The Unification Church, a powerful religious group commonly derided as 'The Moonies', is under investigation for its role in Japanese politics following the assassination of former Prime Minister Shinzo Abe. Some call it a cult, while others say the church's aim is world peace.

SBS Dateline, Australia/March 5, 2023

By Agnes Teek and Jennifer Scherer

When Jinae first met her husband, she could hardly communicate with him. He was from Japan and she was brought up in the US, but according to Jinae this "was kind of normal in the church".

She was born into a religious movement called The Family Federation for World Peace and Unification, more commonly known as the Unification Church.

Founded in Seoul, South Korea in 1954, those who are faithful to the Unification Church are often nicknamed 'Moonies', after their leader Sun Myung Moon. Jinae says she was taught to believe that Reverend Moon was the "Messiah" and the "True Father".

Moon was staunchly anti-communist and his church spread internationally during the cold war. Today, the church operates in 120 countries and has around 600,000 members. It gained notoriety for its so-called "mass weddings", blessing ceremonies of thousands of couples, often held in indoor arenas or outdoor sports stadiums.

A man and a woman.

Jinae's parents matched her with her future husband, and they were married in a mass wedding ceremony in Korea. Jinae says this ceremony signifies the change of blood lineage from Satan's lineage to God's lineage.

As a "Blessed Child", second-generation member of the Church, she had known her whole life this was her fate. On her wedding day she says she was miserable.

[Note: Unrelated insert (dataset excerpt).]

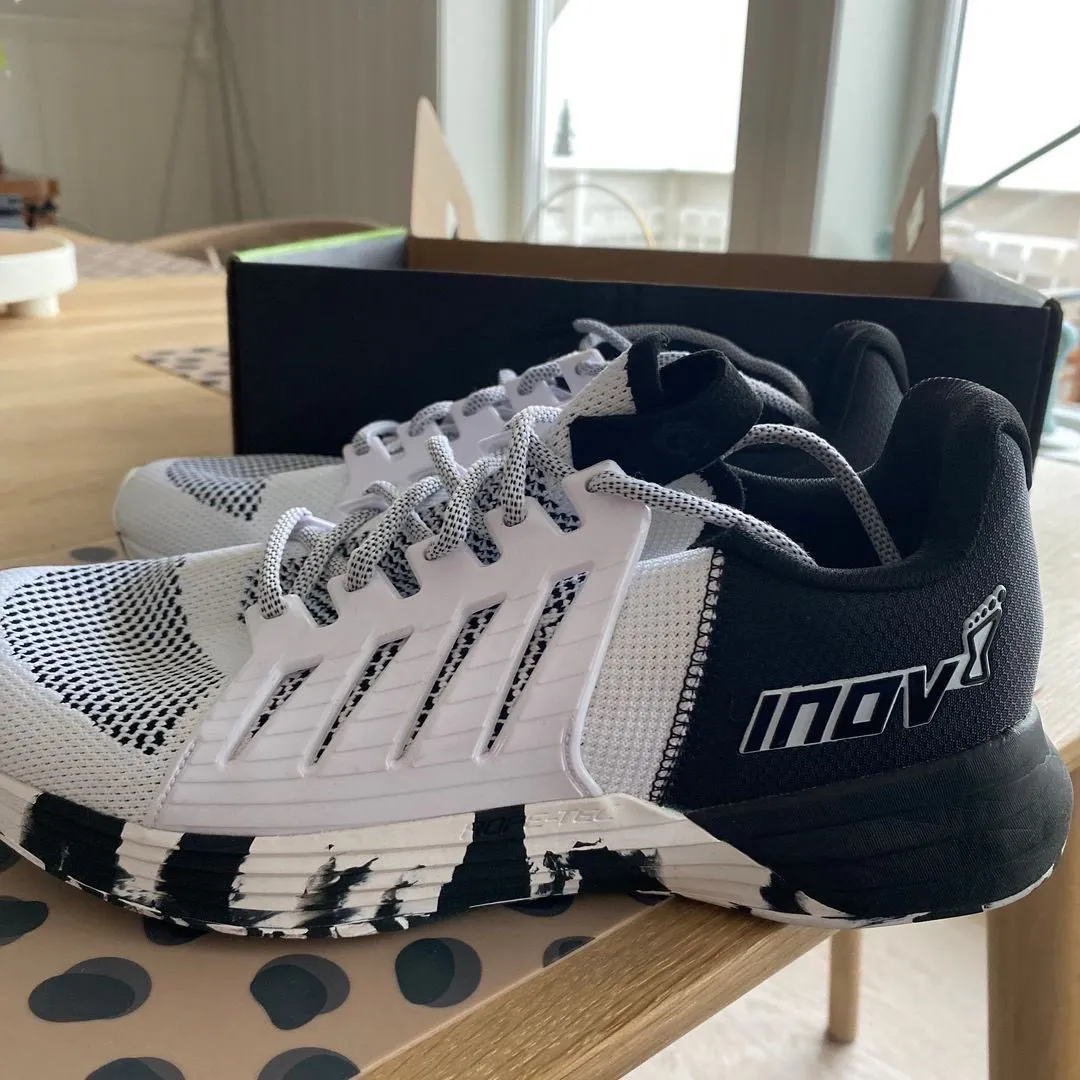 INOV8 sko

"I couldn't disappoint my parents and I couldn't lose my community.

"This was my whole life."

'I would call it a cult'

According to Jinae, shortly after she was born, Reverend Moon decreed all member's children should be raised in Church nurseries or by their grandparents. She says this enabled her parents to dedicate more of their life to the Church’s mission.

"So much of my life was decided before I was even old enough to have a say in anything," she told SBS Dateline.

Her parents told her that when she was three months old, she was dropped off at a nursery in Colorado in the United States. Jinae remembers, three years later, "when they came to pick me up from the nursery, I didn't really know they were my parents". However her parents have subsequently told her they did visit her in the nursery.

Her parents told her she failed to thrive as a baby and as a toddler the nursery staff thought she was mute until they heard her singing church songs to her brother.

Jinae says, "I think that really speaks to this sense of not really feeling attached to anyone or feeling secure enough to even voice myself".

The Unification Church was propelled into the headlines last year after the assassination of Japan's former prime minister Shinzo Abe.

According to a police statement, alleged shooter Tetsuya Yamagami claimed his mother had been bankrupted by the church in Japan. He reportedly told investigators that he believed Mr Abe had links to the church.

This has led to an ongoing investigation into the donation practices of the Unification Church in Japan.

Jinae and her husband spent time in the church in Japan. She says, "I think especially in Japan, I saw so much exploitation and heard all these horrendous stories and I can't support something that harms people in that kind of way". According to Jinae, her husband witnessed a church leader, "yelling at members and telling them they weren’t donating enough".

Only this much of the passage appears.